While the Hart framework was intended to respond to the evidentiary concerns raised by Mr. Big confessions, it does not erase them. Rather, it falls to the trial judge to adequately instruct the jury on how to approach these confessions. The nature and extent of the instructions required will vary from case to case. However, there is some guidance — short of a prescriptive formula — that can be provided. The trial judge should tell the jury that the reliability of the accused’s confession is a question for them. The trial judge should then review with the jury the factors relevant to the confession and the evidence surrounding it. For example, the trial judge should alert the jury to the length of the operation, the number of interactions between the police and the accused, the nature of the relationship between the undercover officers and the accused, the nature and extent of the inducements offered, the presence of any threats, the conduct of the interrogation itself, and the personality of the accused. Moreover, the trial judge should discuss the fact that the confession itself may contain markers of reliability (or unreliability). Jurors should be told to consider the level of detail in the confession, whether it led to the discovery of additional evidence, whether it identified any elements of the crime that had not been made public, or whether it accurately described mundane details of the crime the accused would not likely have known had he not committed it.
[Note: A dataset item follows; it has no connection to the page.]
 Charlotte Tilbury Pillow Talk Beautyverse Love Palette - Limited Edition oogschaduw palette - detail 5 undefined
With respect to the bad character evidence, the challenge is a more familiar one. The trial judge must instruct the jury that this sort of evidence has been admitted for the limited purpose of providing context for the confession. The jury should be instructed that it cannot rely on that evidence in determining whether the accused is guilty. Moreover, the trial judge should remind the jury that the simulated criminal activity was fabricated and encouraged by agents of the state.
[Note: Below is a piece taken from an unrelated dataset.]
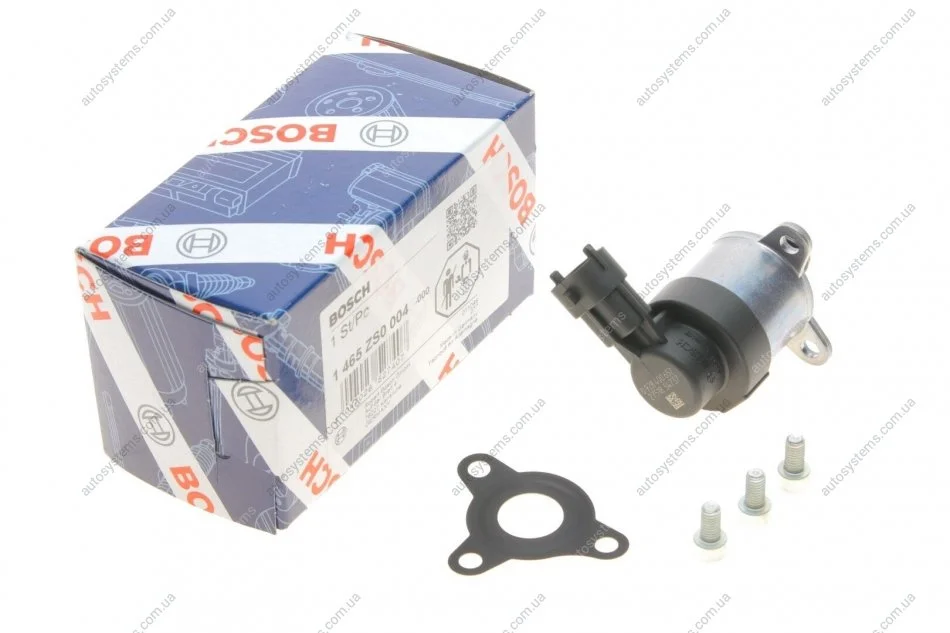 Элемент насоса Common Rail BOSCH 1 465 ZS0 004 (фото 1)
In this case, the trial judge instructed the jury adequately and no error has been shown. The trial judge told the jury that it had to “carefully consider whether the themes of violence and the level of inducements may reasonably have compromised the reliability” of M’s confessions. He specifically instructed the jury that it had to “assess the environment, the themes of easy money, violence, the importance of honesty and integrity, any offers of exit points, and any threats or intimidation”. Ultimately, the trial judge left the final assessment of the reliability of M’s confessions to the jury. With respect to the bad character evidence, although the trial judge did not address it specifically, he provided the jury with a standard limiting instruction on the use that could be made of any evidence that bore on M’s character. Undoubtedly, the trial judge could have said more, but this does not mean his instructions were deficient.
Finally, the trial judge conveyed to the jury the reliability concerns with the evidence of A, the Crown’s principal witness. He reminded the jury that the defence position was that A was the killer. He told them that M’s knowledge of the murder could have come from A. He brought up A’s apparent lie to the police and cautioned the jury that it left open the question of whether they could rely on anything he said. And he told the jury that it would be dangerous to accept A’s evidence in the absence of confirmatory evidence. Nothing more was required.
Reasons for judgment by Moldaver J. Neutral citation: 2014 SCC 58. No. 35093.